→ **PROBLEM REQUIREMENTS**: Using the records that follow, reproduce exactly the lines starting at the line containing "Минздрав Японии одобрил" and ending at the line containing "55 Fiske Mill Rd, Upton, MA 01568". Include both end lines and no pictures.

#### PROVIDED RECORDS

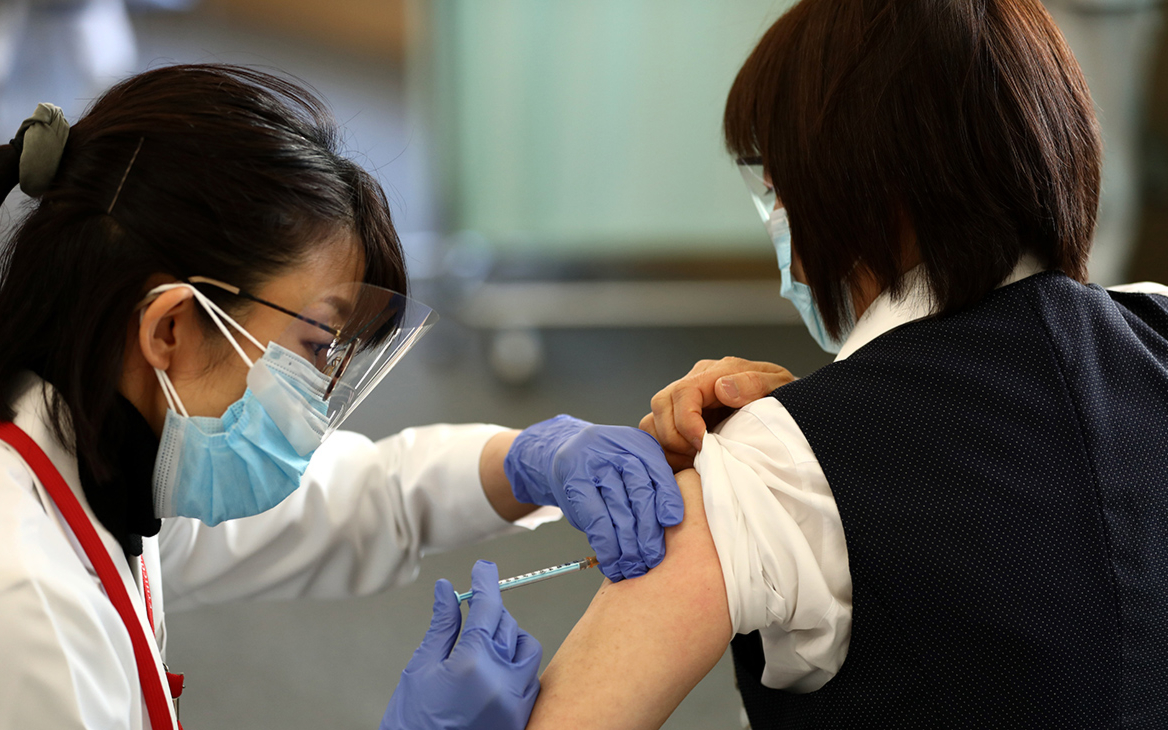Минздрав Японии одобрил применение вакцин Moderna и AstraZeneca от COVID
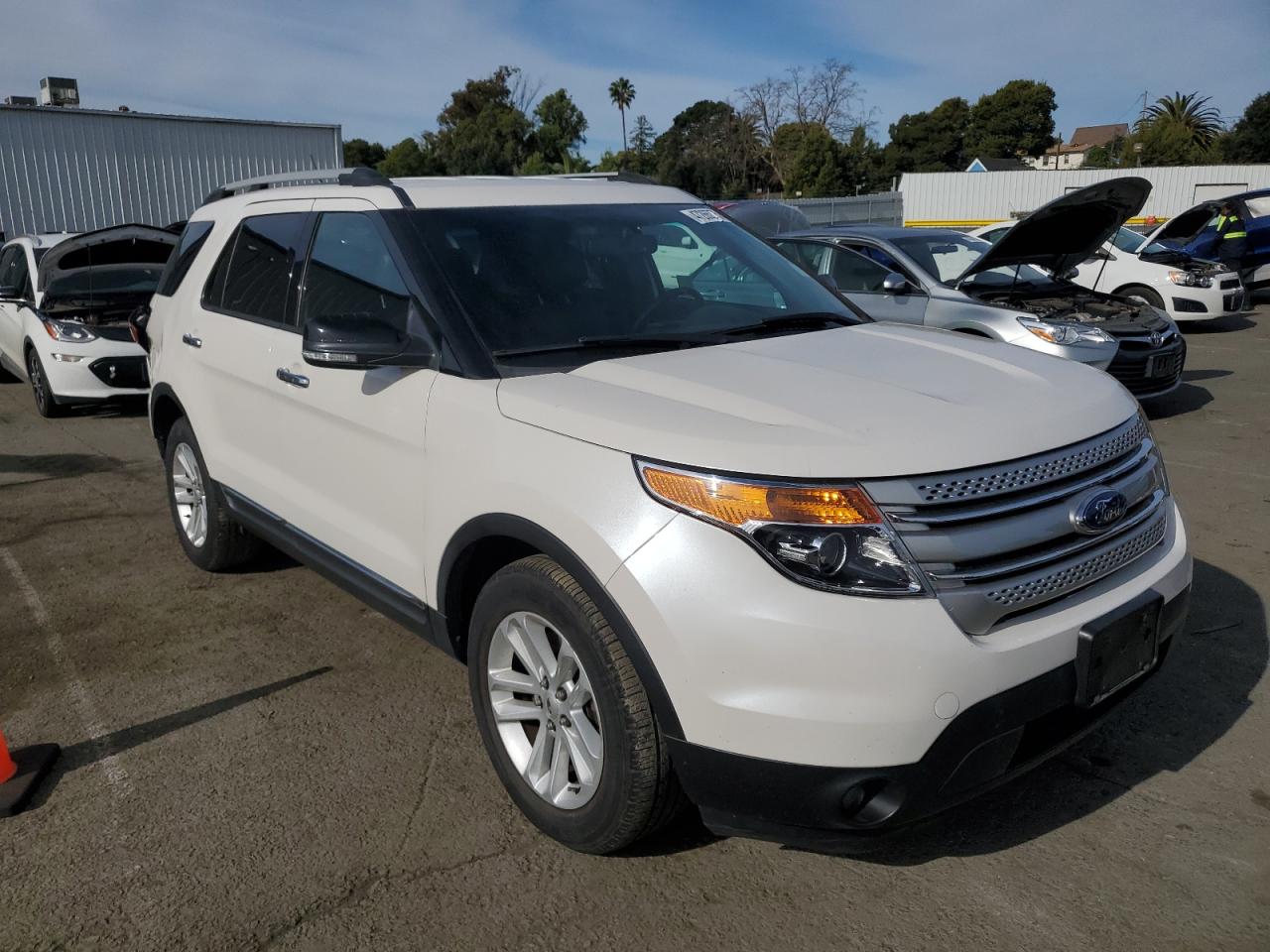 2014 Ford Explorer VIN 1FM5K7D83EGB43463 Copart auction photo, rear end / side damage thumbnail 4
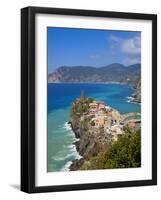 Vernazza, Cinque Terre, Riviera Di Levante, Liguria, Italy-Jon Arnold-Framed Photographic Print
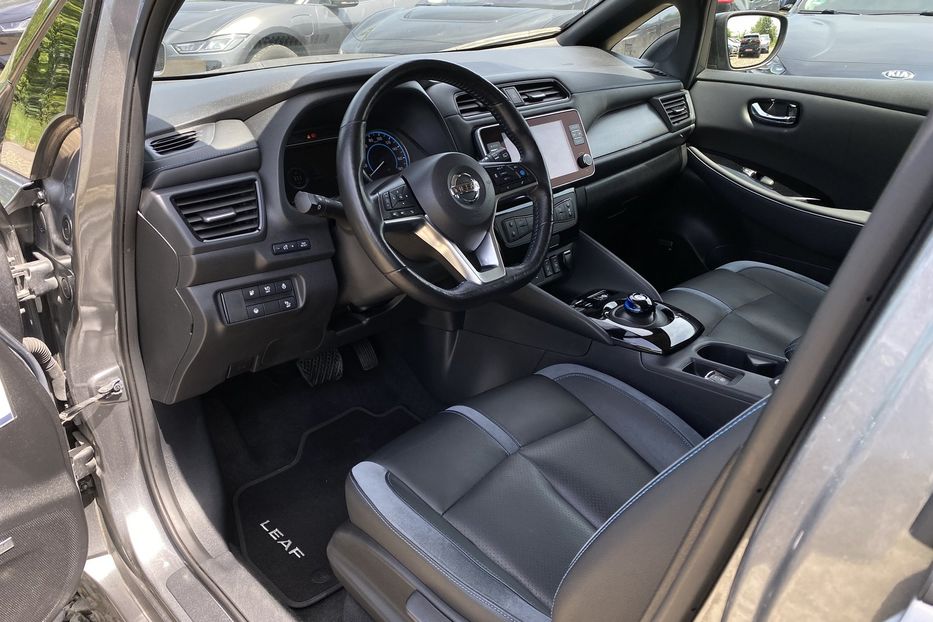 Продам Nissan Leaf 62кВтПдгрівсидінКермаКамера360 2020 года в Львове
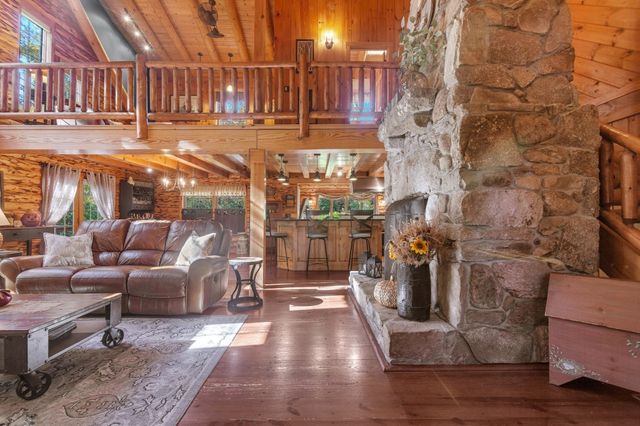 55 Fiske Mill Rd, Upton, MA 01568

########
#### PROVIDED RECORDS

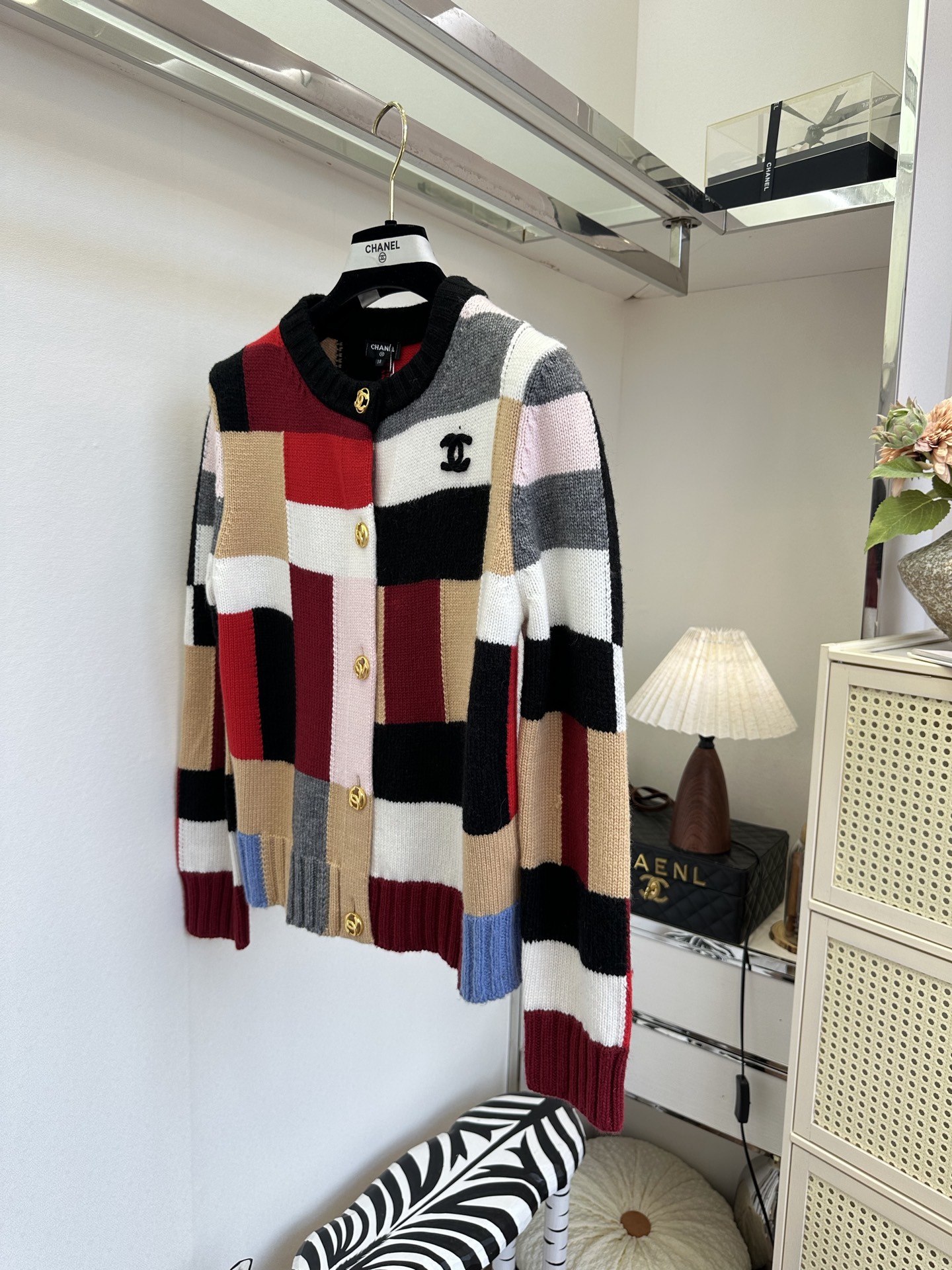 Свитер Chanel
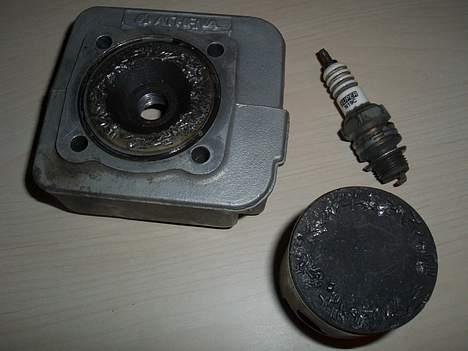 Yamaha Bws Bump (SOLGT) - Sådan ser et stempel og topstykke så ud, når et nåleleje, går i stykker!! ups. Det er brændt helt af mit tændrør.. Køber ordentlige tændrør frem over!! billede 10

########
#### PROVIDED RECORDS

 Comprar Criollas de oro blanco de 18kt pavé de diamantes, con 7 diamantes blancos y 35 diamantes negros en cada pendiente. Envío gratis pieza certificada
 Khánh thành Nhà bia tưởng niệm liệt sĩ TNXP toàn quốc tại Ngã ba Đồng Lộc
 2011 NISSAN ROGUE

########

→ **RESULT OF THE TASK**:
Минздрав Японии одобрил применение вакцин Moderna и AstraZeneca от COVID
 2014 Ford Explorer VIN 1FM5K7D83EGB43463 Copart auction photo, rear end / side damage thumbnail 4
 Vernazza, Cinque Terre, Riviera Di Levante, Liguria, Italy-Jon Arnold-Framed Photographic Print
 Продам Nissan Leaf 62кВтПдгрівсидінКермаКамера360 2020 года в Львове
 55 Fiske Mill Rd, Upton, MA 01568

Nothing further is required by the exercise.